- [THE PROBLEM]
Your answer must be the lines from the first one in the material through the line with "Professional For New", retyped exactly and with no pictures.

- [DATA SHOWN]
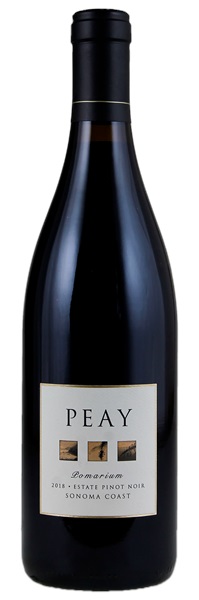 2018 Peay Vineyards Pomarium Pinot Noir, 750ml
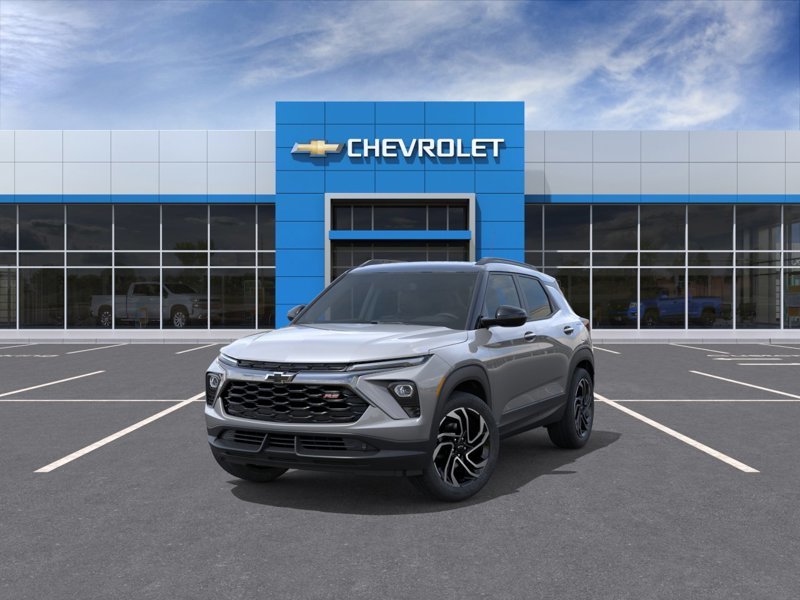 2026 Chevrolet Trailblazer in Matane, Quebec - w940px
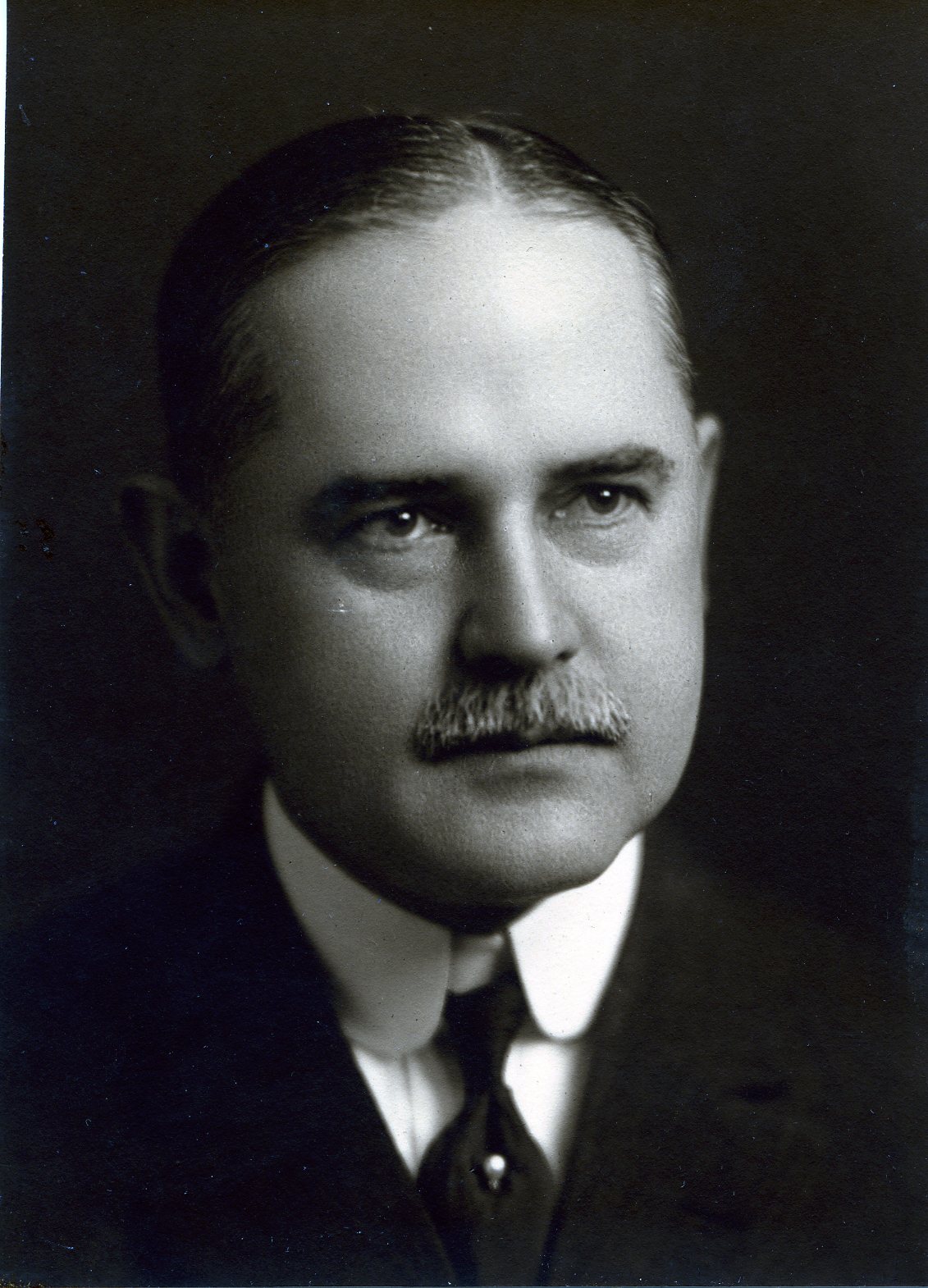 Member portrait of Alexander M. Hudnut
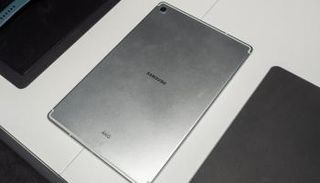 جهاز سامسونج اللوحي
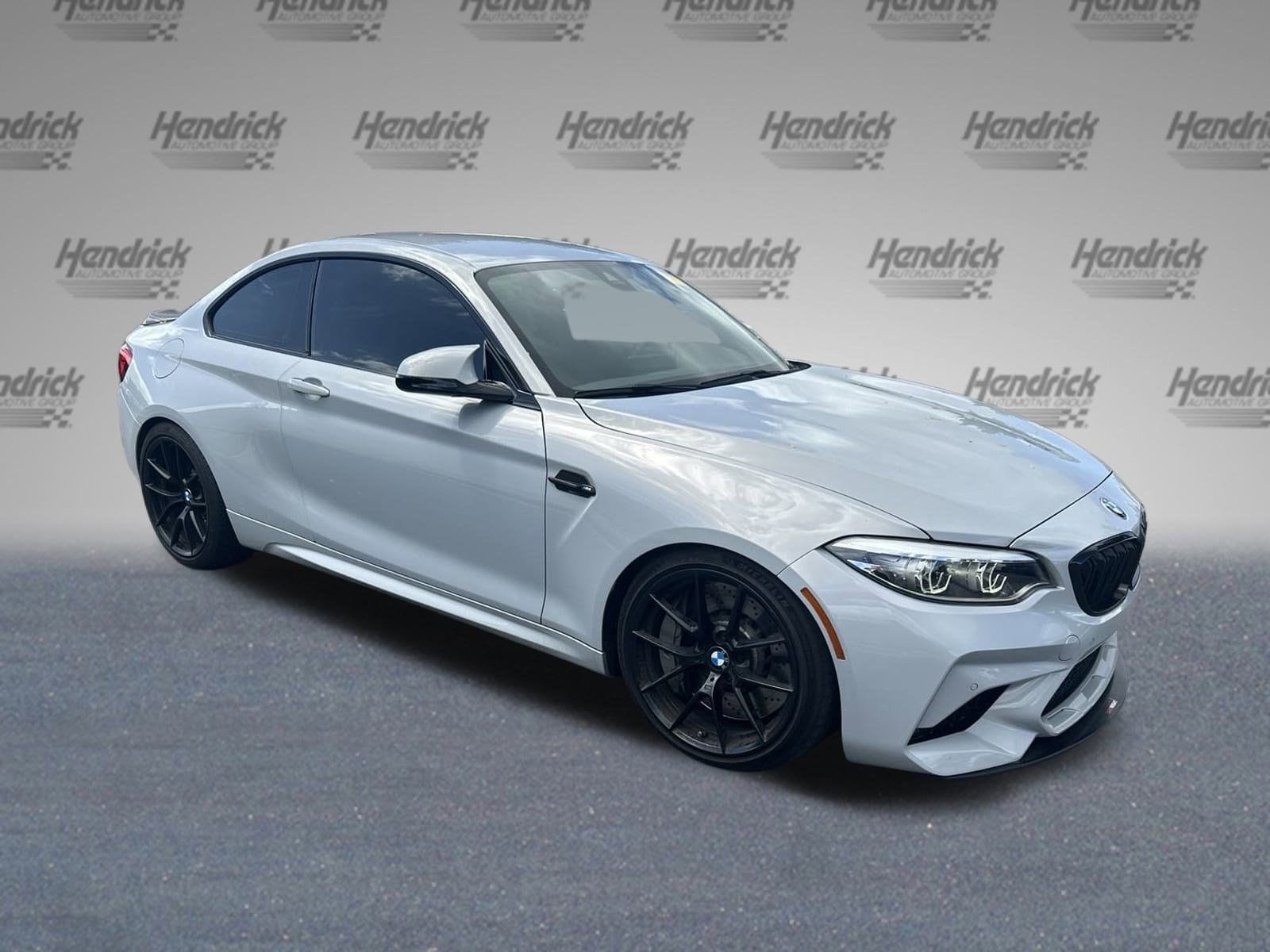 Used 2019 BMW M2 Coupe Base with VIN WBS2U7C57KVB09280 for sale in Austin, TX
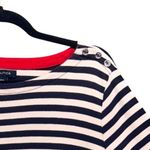 Nautica  Striped Top Blue‎ XXL Photo 2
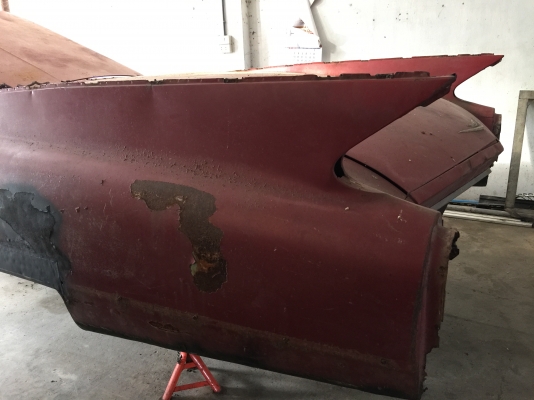 ขาย  Cadillac 1960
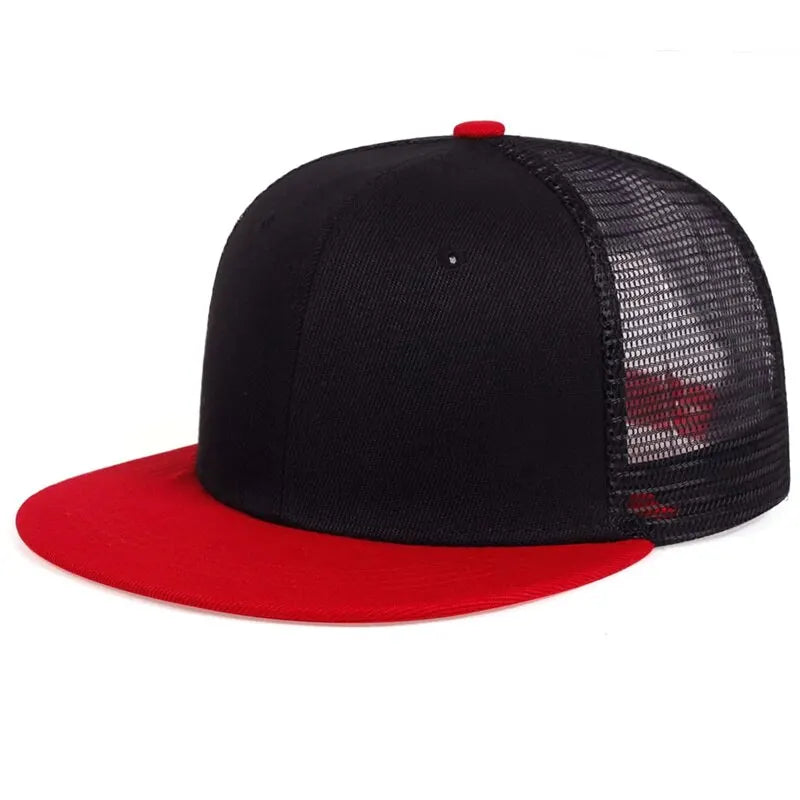 Unisex Simple Hip-Hop Net Hat - Image 14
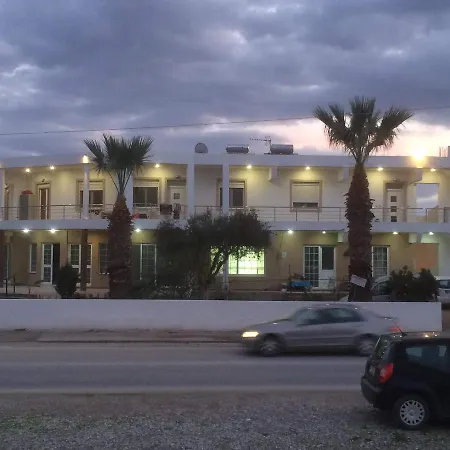 River's Lejlighedshotel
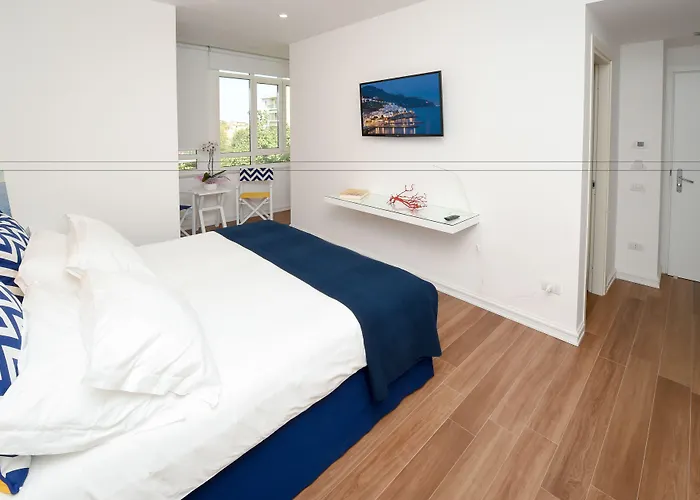 בית הארחה Casa Pantone סורנטו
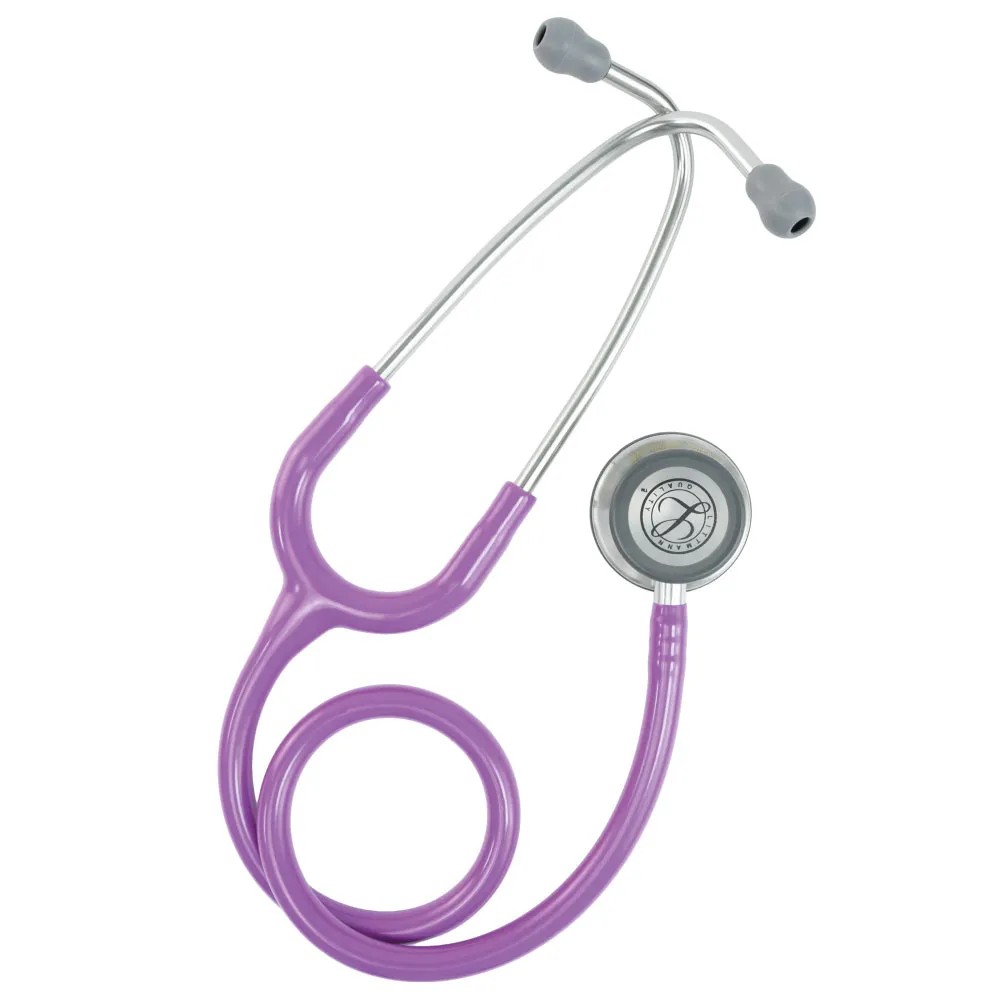 Estetoscopio LITTMANN CLASSIC III Lavanda 5832 - LITTMANN | Stock: 10 - SAP: 408020009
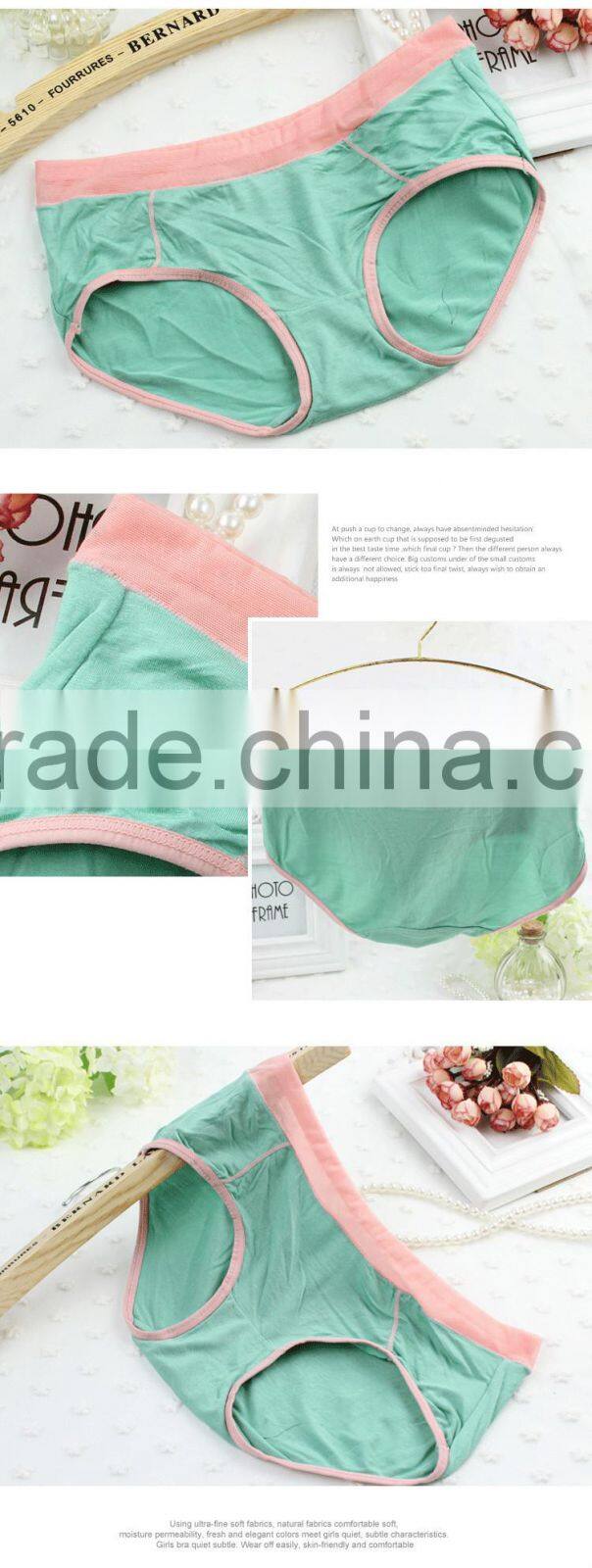Professional For New Fashion Design little girls underwear panty sexy women boxer shorts ladies undergarments
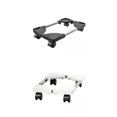 thumbnail image 1 of 2Pcs Computer Holder Desktop Stand Adjustable Case Stand Accessory Baoblaze soporte de la torre de la computadora, 1 of 4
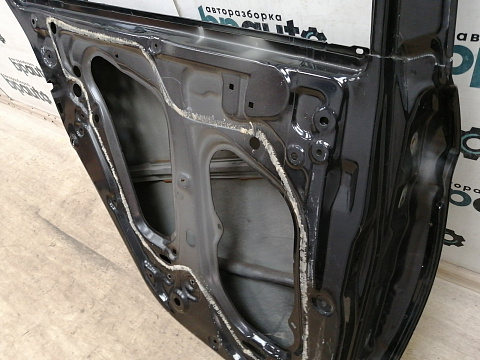 Фотография детали AA039029; Дверь задняя левая (67550-T2F-M00ZZ) для Honda Accord/БУ; Оригинал; Р1, Мелкий дефект; . Фото номер 16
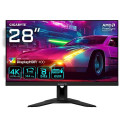 GIGABYTE M28U 28&quot; 4K UHD Gaming Monitor - 3840 x 2160 (UHD), 144Hz, 1ms, KVM, 300 cd/m2, Fr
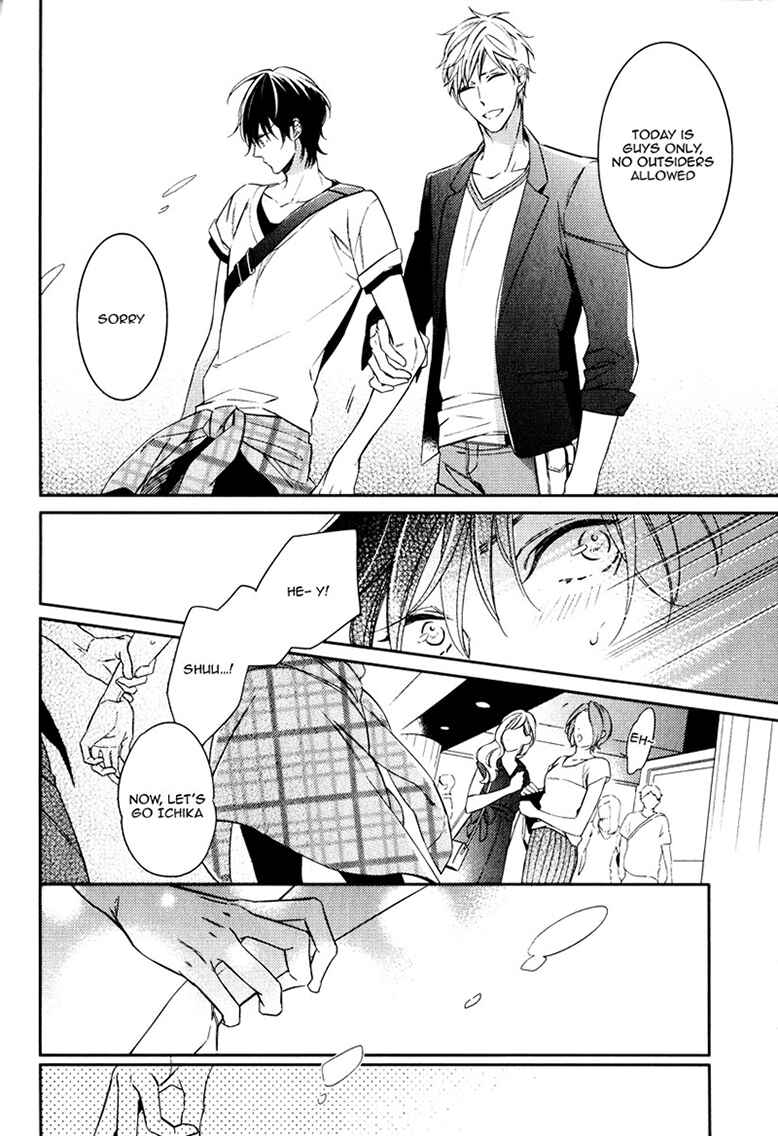 Page 6 Chapter 2 Itsuka no Koi to Natsu no Hate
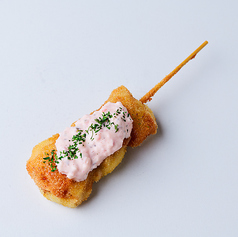 たるたるちきん南蛮/エビフライ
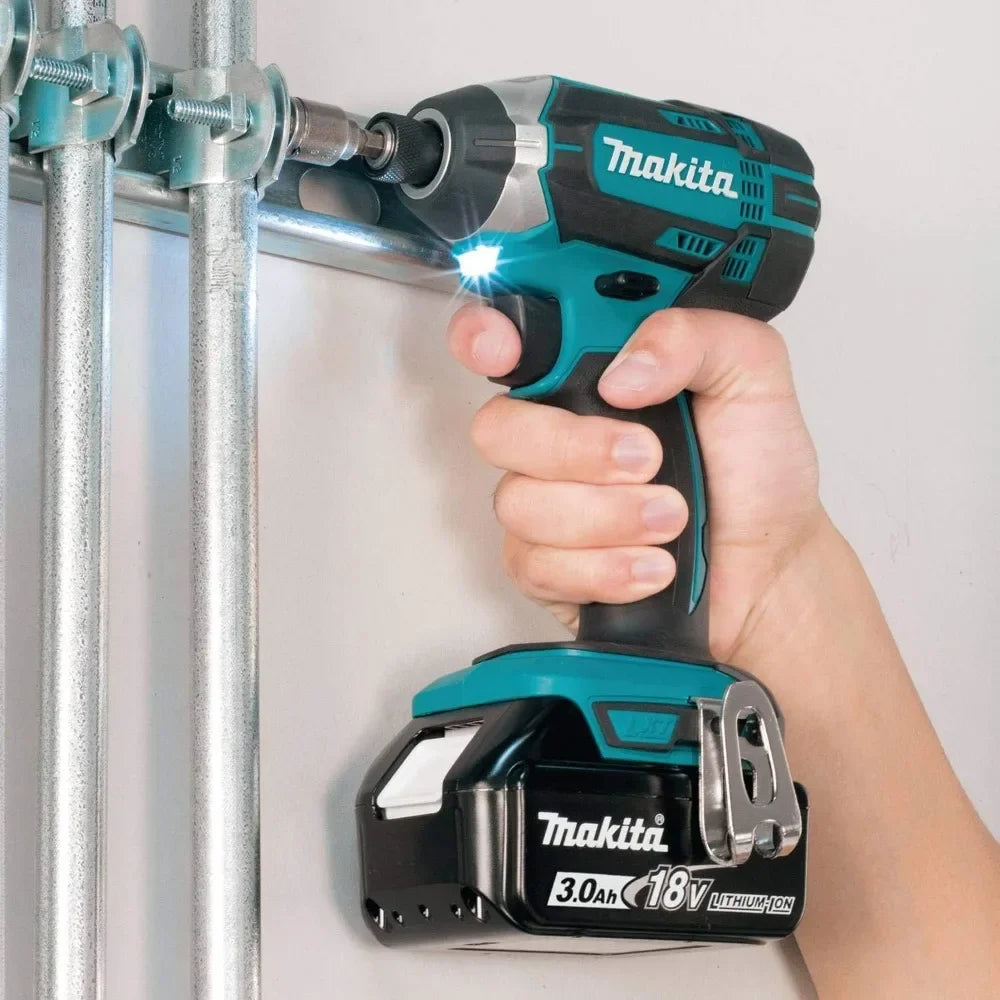 Makita XT614SX1 18V LXT® Lithium-Ion Cordless 6-Pc. Combo Kit (3.0Ah)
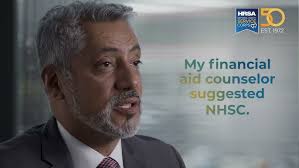 NHSC 50th Anniversary Reflections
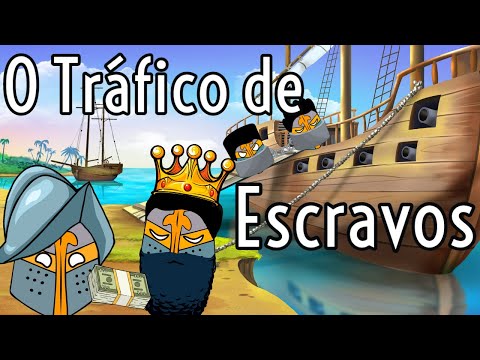 The Slave Trade and the Origin of Slavery in Brazil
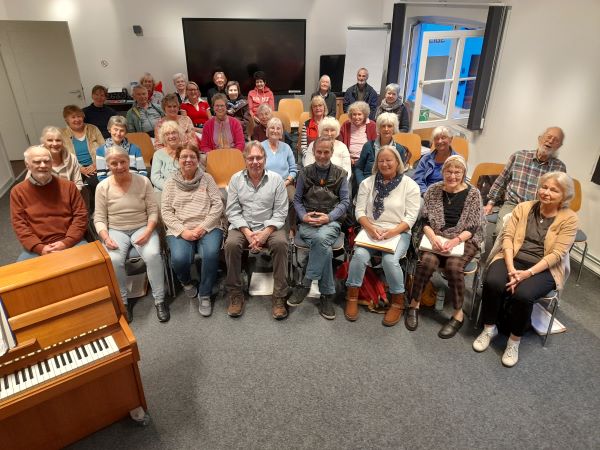 Offenes Singen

- [RESPONSE TO THIS TASK]
 2018 Peay Vineyards Pomarium Pinot Noir, 750ml
 2026 Chevrolet Trailblazer in Matane, Quebec - w940px
 Member portrait of Alexander M. Hudnut
 جهاز سامسونج اللوحي
 Used 2019 BMW M2 Coupe Base with VIN WBS2U7C57KVB09280 for sale in Austin, TX
 Nautica  Striped Top Blue‎ XXL Photo 2
 ขาย  Cadillac 1960
 Unisex Simple Hip-Hop Net Hat - Image 14
 River's Lejlighedshotel
 בית הארחה Casa Pantone סורנטו
 Estetoscopio LITTMANN CLASSIC III Lavanda 5832 - LITTMANN | Stock: 10 - SAP: 408020009
Professional For New Fashion Design little girls underwear panty sexy women boxer shorts ladies undergarments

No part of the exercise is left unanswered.